Porcine eyes were enucleated and set in a rigid mimic of the orbit filled with gelatin (Sponsel et al., IOVS 2011). The porcine eyes were imaged via UBM and B-scan ultrasound along 12 vectors both before and after blast. Each eye was re-pressurized via intracameral injection using a 30 gauge needle with balanced salt solution and placed in a shock-tube (Fig. 1). The eyes were then exposed to blasts of 2 ms duration with peak pressures ranging from 7-22 psi. After post-blast imaging, eyes were fixed in formalin for later dissection or histopathology.

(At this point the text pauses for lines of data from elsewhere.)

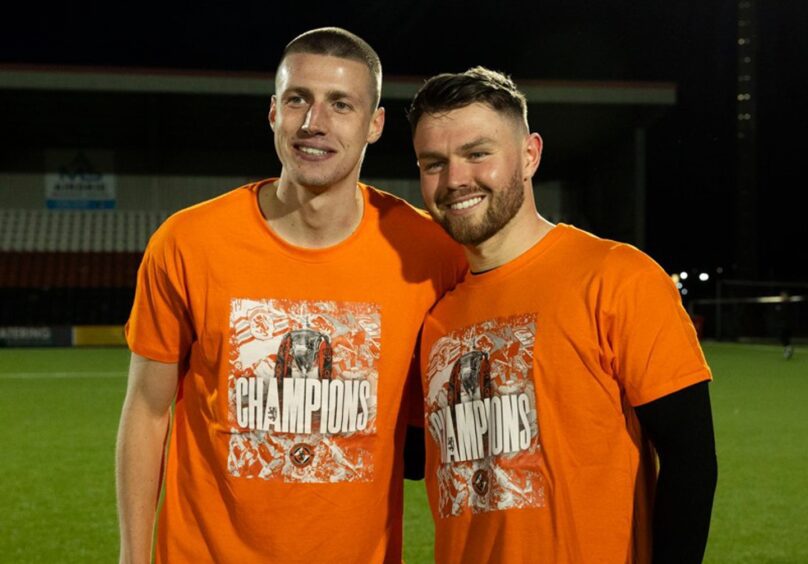 Sam McClelland, left, and fellow title winner Glenn Middleton on the night United officially won the league in Airdrie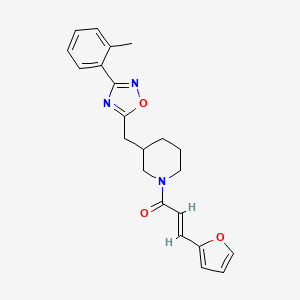molecular formula C22H23N3O3 B3017594 (E)-3-(furan-2-yl)-1-(3-((3-(o-tolyl)-1,2,4-oxadiazol-5-yl)methyl)piperidin-1-yl)prop-2-en-1-one CAS No. 1706508-51-1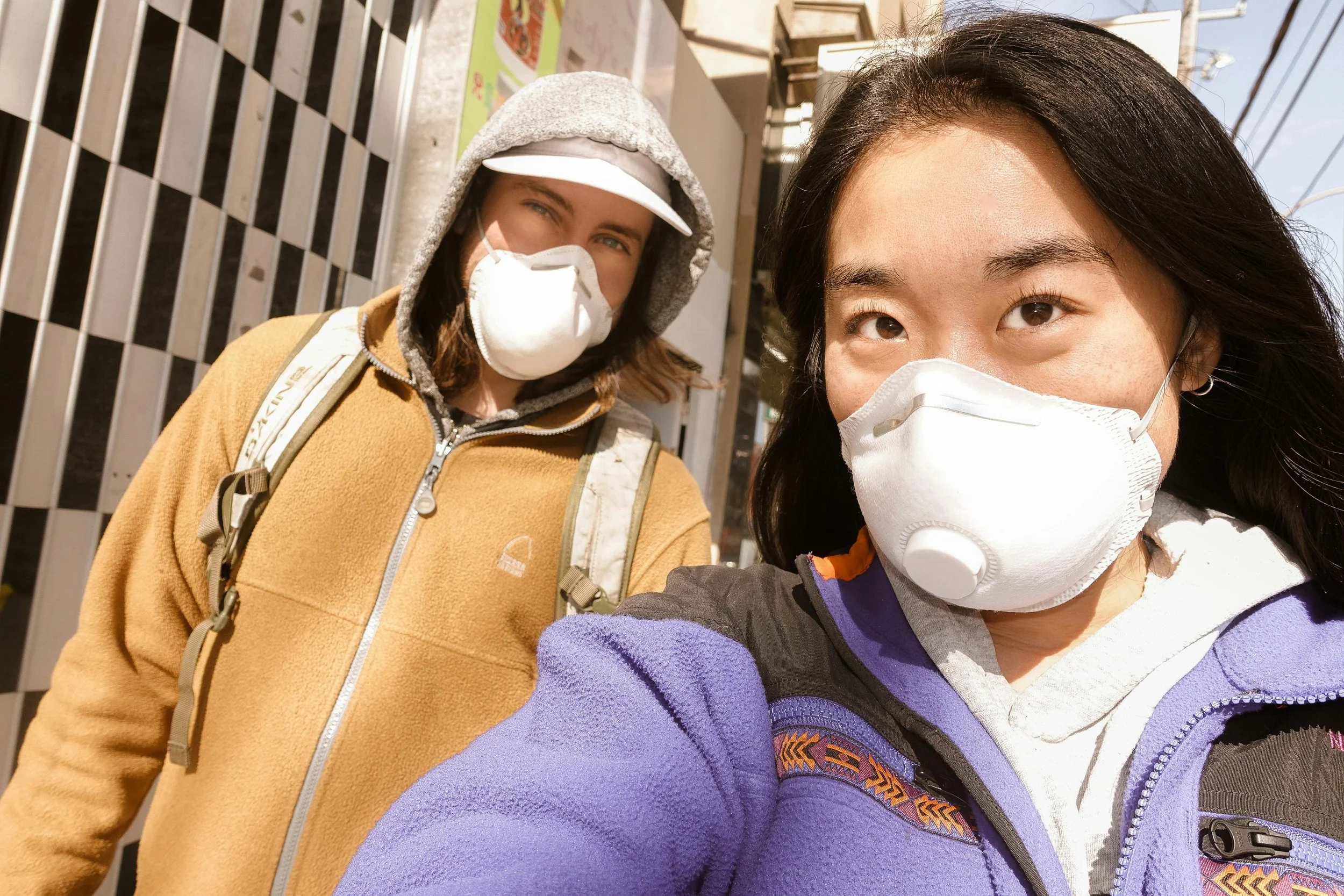 A white person in a taupe hoodie and an N95 takes a walking selfie in the city with an Asian woman wearing a vented N95 and purple coat.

We observed corneal abrasion and fissuring, angle recession, circumferential iris plication into the zonule, uveal pigment forced between the axonal fasciculi of the optic nerve (Fig. 2a). Mid peripheral chorioretinal detachments, radial peripapillary retinal detachments (Fig 2b), and intrinsic internal scleral delamination (Fig 2c) were also observed. In an extreme case, an incident pressure of 22 psi caused axial-posterior displacement of 8 mm within 67 ms and eventual evulsion of the eye from its orbit mimic on rebound.


Primary blast in the absence of particle insult was sufficient to cause a range of significant ocular trauma. The magnitude of the incident peak-pressure was correlated with the probability of trauma occurrence and severity of damage. The ability of primary blast overpressure to produce severe eye damage underscores the necessity of developing protective eyewear specifically designed to shield the eye and orbital structures from this source of trauma.